Here is a lesson in letting people make their own mistakes.

God seems to know how it's going to end: go ahead, Moses, send men out to spy the land. I have no need to test them, but if you feel the need, then go for it. The fact that God knows it will end badly does not deter Him from letting Moses send the scouts. The need for Moses to learn in his own way trumps, apparently, the way the matter will end.

This is an interesting statement about how we interact with others, especially with others over whom we exercise power.
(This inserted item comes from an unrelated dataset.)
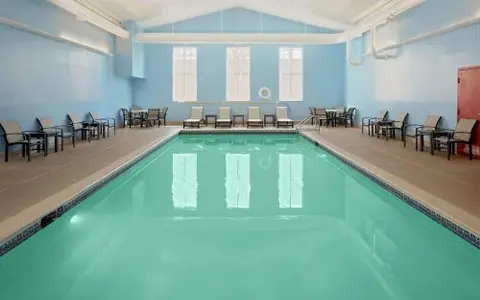 Homewood Suites By Hilton Hartford-farmington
Be it our children, our students, or our junior colleagues, sometimes knowing the right answer or having prior experience of how something is going to turn out is not what is important. Sometimes we must empower others to discover for themselves what we already know. God does not even say, "I told you so" (at least not in this midrash) when things turn out badly.

The gentleness of the exchange strikes me as a lesson to us all, that there are those in our lives who seek our advice or permission and that sometimes granting them permission to make mistakes is the holiest, most respectful, and most loving response.